- **RECORDS SHOWN**:
----
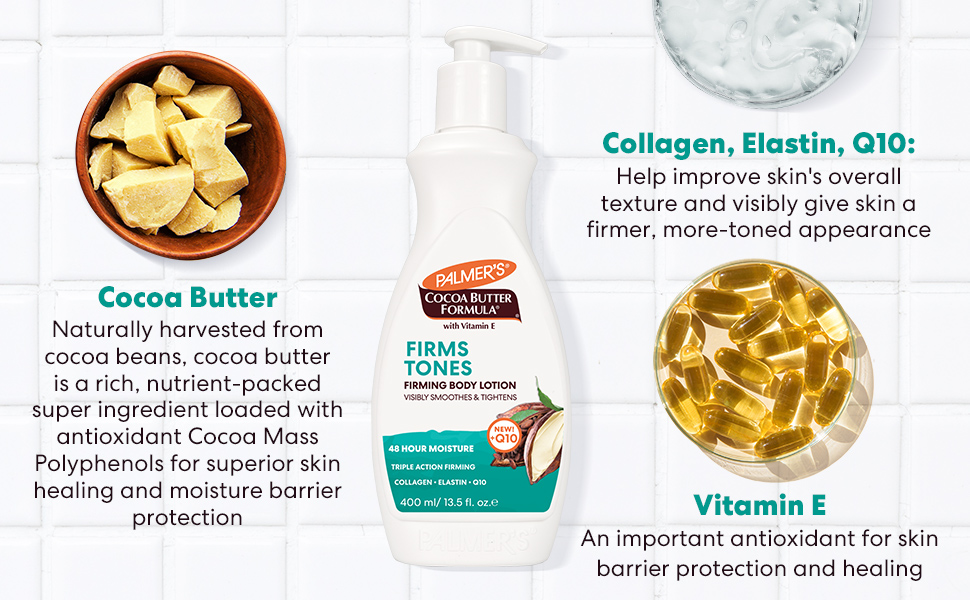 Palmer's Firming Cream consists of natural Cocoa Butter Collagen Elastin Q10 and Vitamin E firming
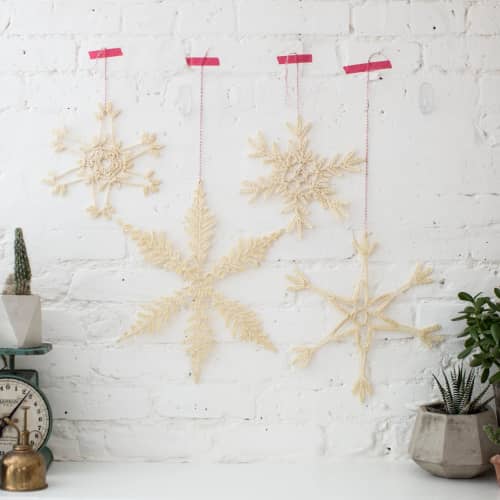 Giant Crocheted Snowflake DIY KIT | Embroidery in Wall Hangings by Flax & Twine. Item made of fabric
----
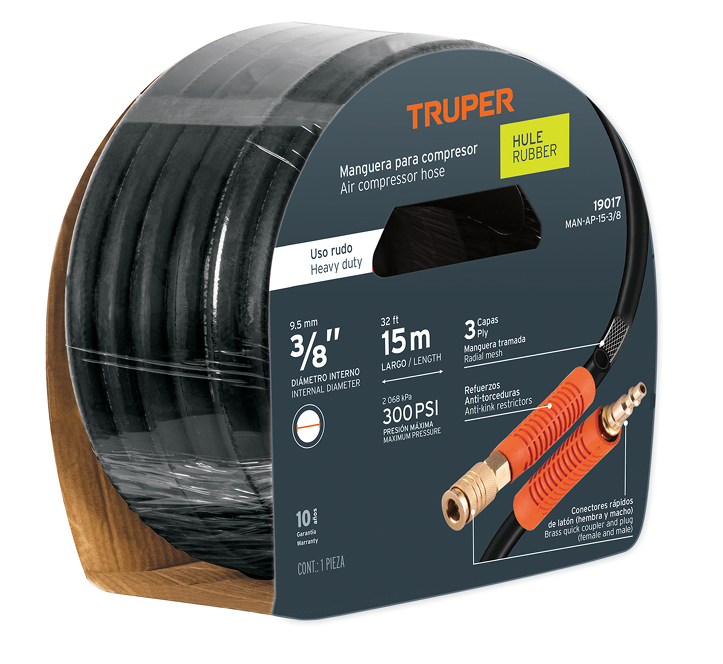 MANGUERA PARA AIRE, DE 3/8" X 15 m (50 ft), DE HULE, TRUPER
----
- **WHAT YOU ARE ASKED TO DO**:
Starting from the line with "Palmer's Firming Cream" in the records above, repeat each line exactly until you have written the line with "Giant Crocheted Snowflake", then stop; drop the pictures.

- **WRITTEN RESPONSE**:
 Palmer's Firming Cream consists of natural Cocoa Butter Collagen Elastin Q10 and Vitamin E firming
 Giant Crocheted Snowflake DIY KIT | Embroidery in Wall Hangings by Flax & Twine. Item made of fabric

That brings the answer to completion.